STV News reported that weight loss company Scottish Slimmers had ceased trading with immediate effect, leaving customers out of pocket. A Glasgow reader felt the need to ask us: "Are they not pleased to have lost a few pounds?"

Bottoms up

YES, Brexit still depressing us all. As James Felton put it: "People glued their naked bums to the glass in the public gallery and had to be peeled off by the police and it still wasn’t the stupidest thing that happened in Parliament yesterday."
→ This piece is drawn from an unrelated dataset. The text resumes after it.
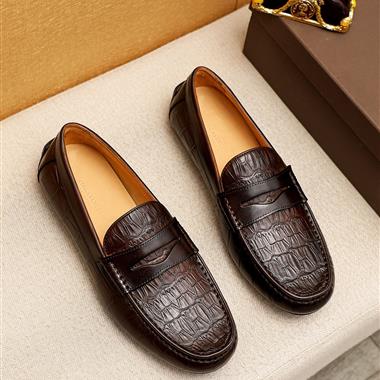 BOTTEGA VENETA  2023新款男生休閒時尚鞋子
And Channel 4 news presenter Krishnan Guru-Murthy revealed: "A male MP we asked to come on for a discussion about the abusive language and behaviour around Brexit told our producer to get stuffed and shove the programme up his ****. There have always been a few thickies in parliament but they were generally polite. No more."

Bowling along

AND for a piece of Brexit whimsy, television presenter Richard Osman refers to the latest Tory resignation and says: "Nick Boles is a principled politician, and also what you should do if you want to be banned from the IKEA crockery department."

Toilet humour

ACTOR and artist John Cairney is holding an exhibition at Glasgow Art Club in Bath Street from Saturday with paintings depicting various stages in the life of designer Charles Rennie Mackintosh. We remember John also produced a book about his love of Glasgow in which he told the story of the chap from Calton who applied for a job as a lavatory attendant with the then Glasgow Corporation, but was refused because he couldn't write. Instead, thrown back on his own resources, he collected discarded items from back courts which he sold at the Barras as antiques.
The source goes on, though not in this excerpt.